Whether that pace can be sustained in the second half of this year is questionable. It depends to a very large degree on what happens in the U.S. economy. And the U.S. outlook seems mixed right now.
However, export growth close to double digits is quite probable. Mexico’s overall exports this year are now seen as increasing by 7.5%. This includes crude oil exports, where the growth rate is likely to be considerably below that figure. Traditionally, gross maquiladora exports have been a strong feature of Mexico’s total manufactures exports, standing at more than 50%.
In March, 2012, the latest month for which official data is available, there were 5,061 IMMEX manufacturing/assembly plants in operation, employing 1.93 million persons. The comparison with same 2011 months’ figures: 5,113 and 1.85 million.
Qualified estimates are that of the March 2012 totals, there were 2,430 “pure” export maquiladoras (excluding service maquiladoras) with overall direct employment of 1.69 million.
For comparison purposes, look at the December 2006 figures. That was the last month of the 36-year INEGI history of direct monitoring of Maquiladora Industry activities. In December 2006 there were 2,476 maquiladoras (not counting 307 service maquiladoras) with total employment of 1.65 million persons.
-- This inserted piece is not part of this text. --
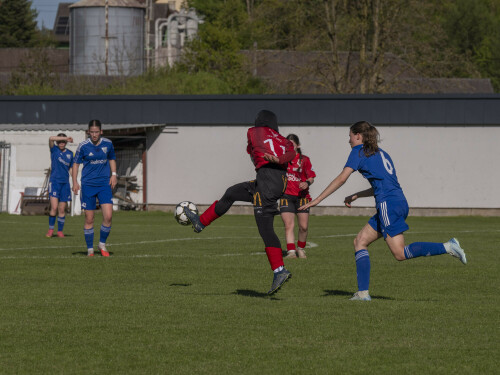 kematen1b-fc_perg_3-1_26-04-2026-037.jpg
But that comparison data is not reflected in overall industry activity as measured by exports. Exports (or reexports) by the Maquiladora Industry appear to have increased considerably in dollar value since 2006, this despite the 2008-09 global monetary and financial crisis and the U.S. recession.
This reflects the continuing upscaling of Maquiladora Industry sophistication and its emphasis on ever higher technology production/assembly. And on balance, it remains much cost competitive.
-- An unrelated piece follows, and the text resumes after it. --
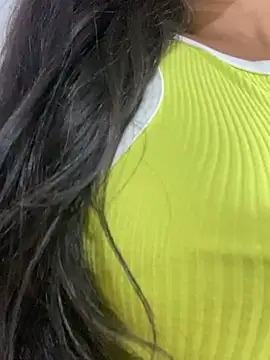 bea3liz online show from 04.16.26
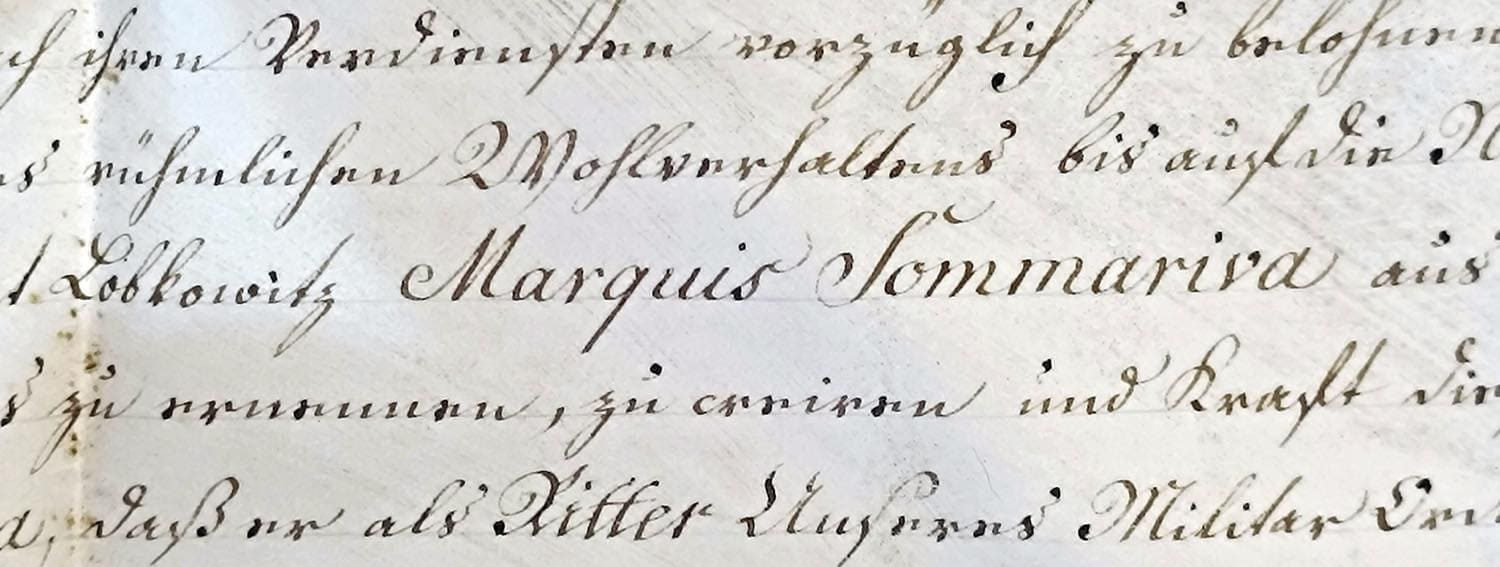 Order of Maria Theresa  Document.jpg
Once again, qualified estimates are that maquiladora activity in 2011 registered a value added total of $32.70 billion dollars, whereas in 2006 it was for an official $24.38 billion. Prior to 2007, this data was available on an official, monthly basis from INEGI and Banco de Mexico. Unfortunately that is no longer true.
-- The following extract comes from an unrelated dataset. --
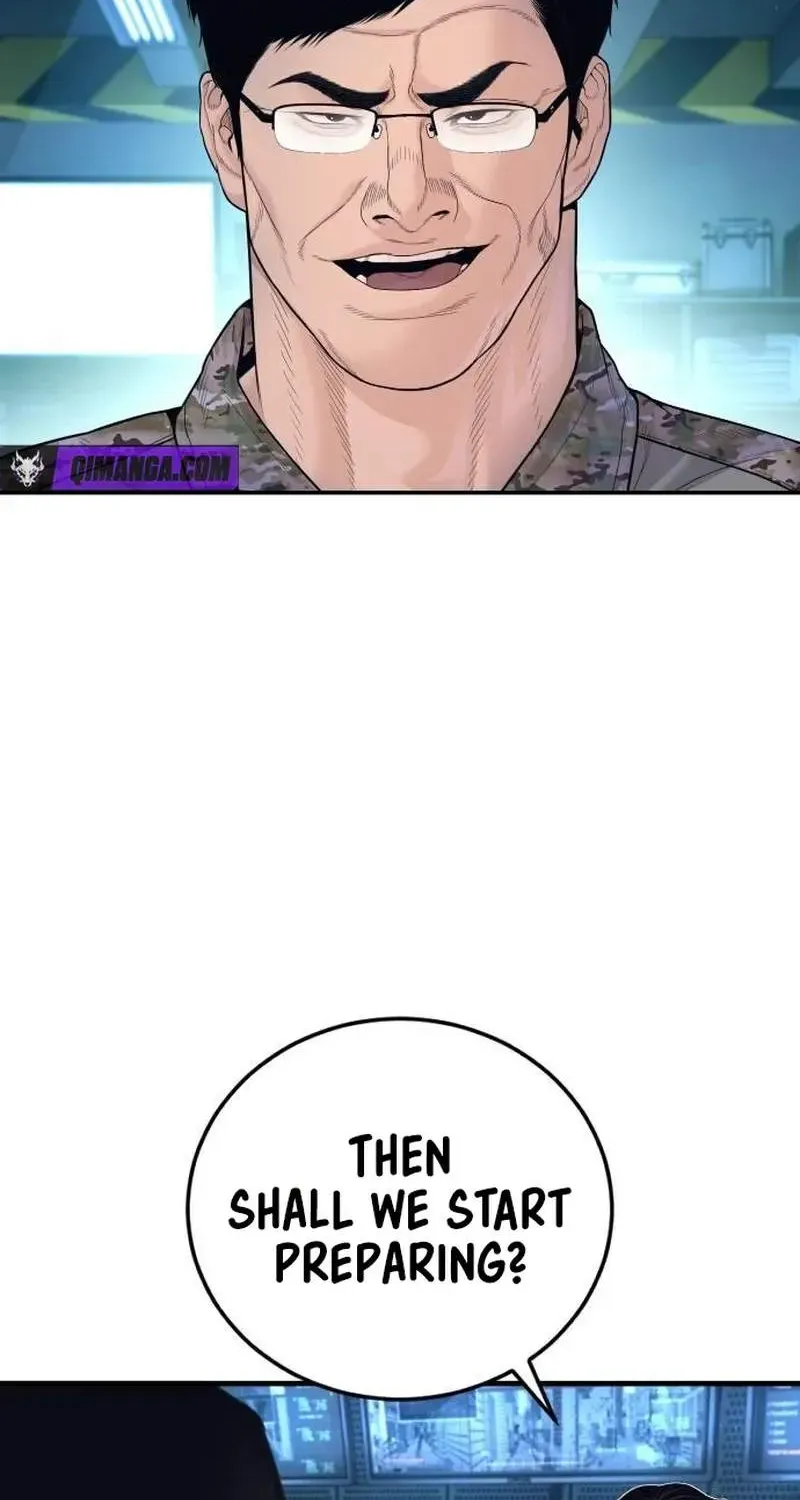 Chapter 260 — page 156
Between 2003 and 2006, these value-added exports rose from $19.75 billion dollars to the aforementioned $24.38 billion in 2006.
Meanwhile, based on official Banco de Mexico figures, new foreign direct investment (FDI) in export maquiladoras apparently reached $935 million dollars in the first quarter of 2012. In recent year, this FDI has been found in the inter-company accounts line item of the balance-of-payments.
In the first quarter of this year, total IMMEX program manufactures exports were $44.96 billion dollars, up 9.7% from January-March 2011, according to CNIMME-INDEX statistics. Those figures do not include exports by the OEM automotive industry, which is not part of the IMMEX scheme.
Of that $44.96 billion, an estimated $33.27 billion represented gross exports by maquiladoras (excluding service maquiladoras). If that figure is annualized out, this would mean gross maquiladora manufacturing/processing exports for $133.1 billion this year.
That in turn would represent an increase of 30% from gross maquiladora exports in 2006, the last year for which official maquiladora data exists. As of 2007, exports by maquiladoras ad companies in such export promotion schemes as Pitex, ALTEX, PROSEC and ECEX were all lumped together in one IMMEX export basket, a parting “gift” for the Maquiladora Industry from the outgoing Fox Administration. In 2006, according to official data, full-fledged maquiladoras accounted for 55.1% of Mexico’s total manufactures exports. That data included automotive industry exports, which that year were 13.6% of overall manufactures exports. Such an official breakdown no longer is public record.
NEW INEGI IMMEX REPORT
The National Statistics and Geographic Institute (INEGI) has now formally introduced a second statistical service for IMMEX companies. It covers registered IMMEX companies which are not in the manufactures category.
The report covers agricultural sector, service exporters (almost all maquiladoras) and foreign trade companies. These latter firms used to be in the ECEX category. According to the new statistical series, there were 1,154 registered non-manufacturing IMMEX companies at end- March, vs. 1,157 in the same month last year. Employment at these firms totaled 283,000.
INEGI reports plans for two new IMMEX statistical series as of the second half of this year. The first would break down IMMEX companies by manufacturing sectors –consumer electronics, auto parts and components, appliances, textiles/apparel, metal products, etc.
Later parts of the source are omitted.